What-if — "Drop the label or aggregate it?" Drop if the dimension is useless (request ID). Aggregate-then-drop if the summed value matters but the breakdown doesn't (you want total request rate, not per-user). Relabeling is the firefighting tool; fixing the instrumentation is the cure.

Q: How do you put a guardrail on cardinality so the next bomb doesn't surprise you?

Monitor your monitoring. Alert on prometheus_tsdb_head_series crossing a budget. Track per-metric series with topk(10, count by (__name__)({__name__=~".+"})) and alert when any single metric crosses a threshold (a "cardinality tripwire" exporter). Set sample_limit/label_limit per scrape target as a hard ceiling. In CI, lint new instrumentation for known-bad label names (user_id, request_id, email, path). The principle: a cardinality budget defined before you need it, not discovered in the postmortem.


Naming, Units & Conventions

Q: Walk me through metric naming conventions and why they're not just style.
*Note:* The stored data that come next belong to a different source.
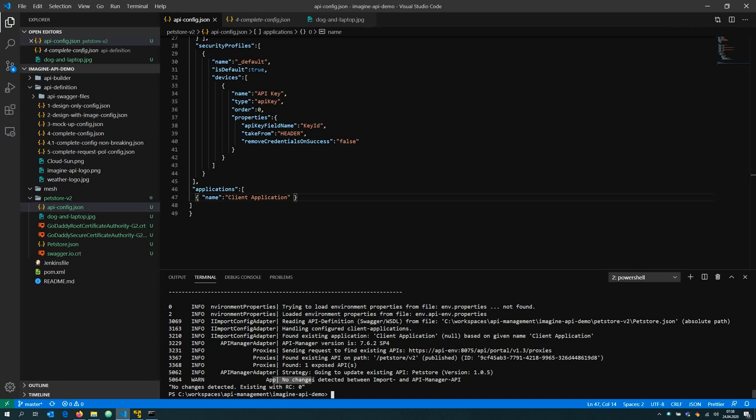So that's all I wanted to present, how to use the command line interface to manage your APIs in the API manager. I hope it was useful.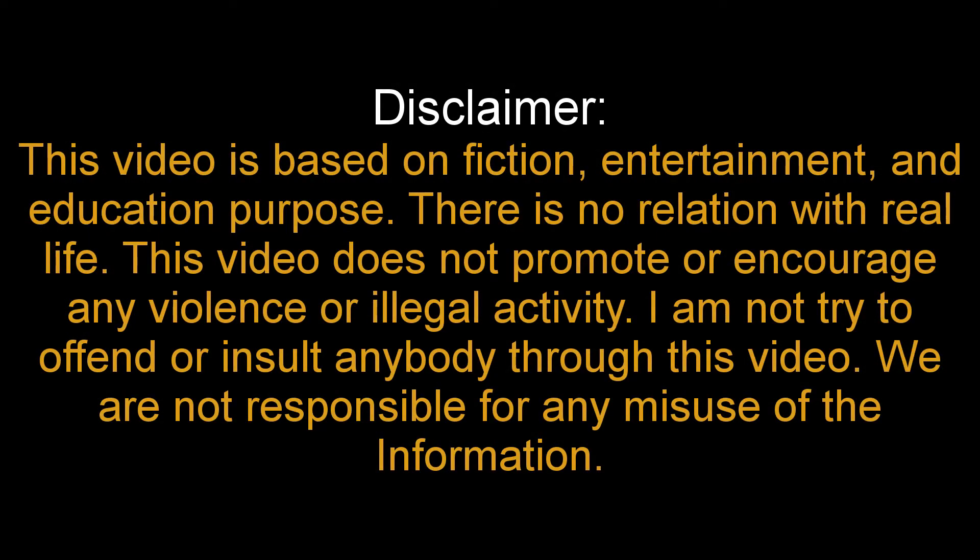This video is based on fiction, entertainment, and education purpose. There is no relation with real life. This video does not promote or encourage any violence or illegal activity. I am not trying to offend or insult anybody through this video. We are not responsible for any misuse of the information.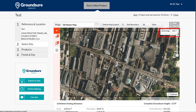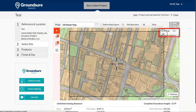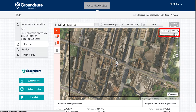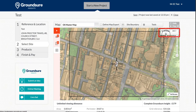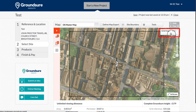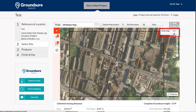Click Aerial Imagery in the top right hand corner. Adjust the transparency by moving the slider to your desired level. This is particularly useful when working on large or rural sites.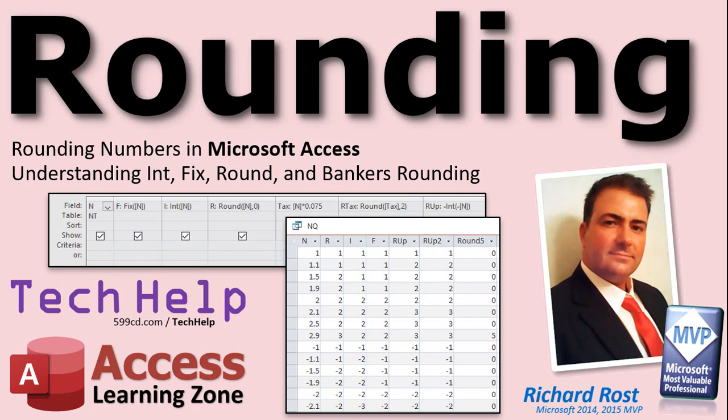Welcome to another Tech Help video brought to you by AccessLearningZone.com. I am your instructor, Richard Rost.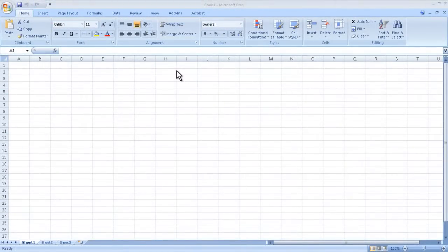Welcome to another Router Gods video. My name is Humphrey Chung and in this video we're going to take a look at Microsoft Excel and setting up the interface and the options the way you like it.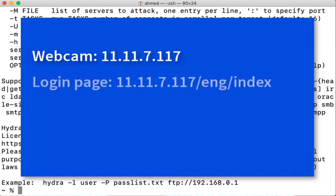And the login page for this webcam is at 11.11.7.117/eng/index, which means that this is the URL that you go to in order to get asked for a username and password to gain login to this webcam.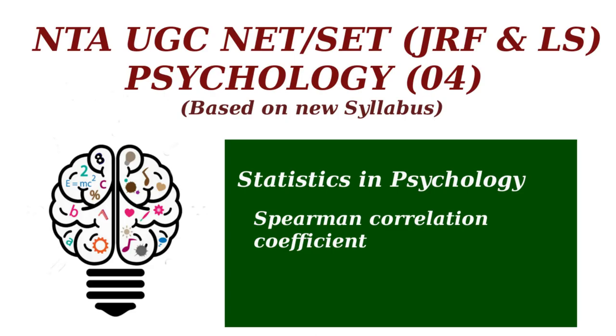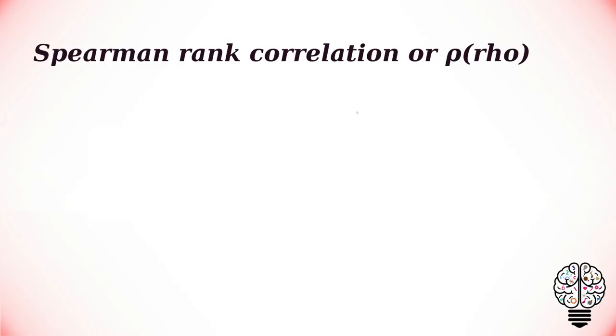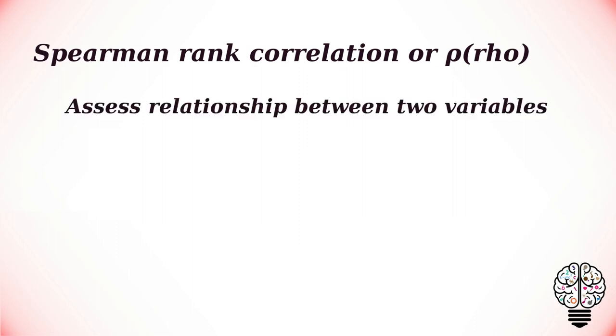Hey everyone, welcome to this psychology lecture series. In this video, we are going to talk about Spearman's rank correlation. Spearman's rank correlation coefficient, or Spearman's rho, is named after Charles Spearman. It is a non-parametric measure of rank correlation.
Naming is an API contract with every tool downstream — Grafana's auto-units, alerting libraries, and Prometheus tooling parse these conventions:

  • snake_case, lowercase: http_request_duration_seconds.
  • Subsystem prefix: db_query_duration_seconds, cache_evictions_total — groups related metrics, avoids collisions.
  • Counters end in _total: http_requests_total. Tooling identifies counters by this suffix.
  • Base SI units in the suffix: _seconds (never _ms), _bytes (never _kb), _ratio (0–1, never _percent). Grafana auto-formats; alert thresholds assume base units.
  • Don't bake label data into the name: http_requests_total{method="GET"}, not http_get_requests_total — otherwise you can't sum across methods without regex gymnastics.
  • Describe the thing, not the source: payment_authorizations_total survives refactors and reads well on a dashboard.

What-if — "Why seconds, not milliseconds? Milliseconds are more readable." Readability is a display concern Grafana handles. Storing in base SI units means every duration metric across your fleet is directly comparable and aggregatable — no per-metric unit conversion, no _ms here and _seconds there breaking a cross-service dashboard. The data stays canonical; the dashboard divides for humans.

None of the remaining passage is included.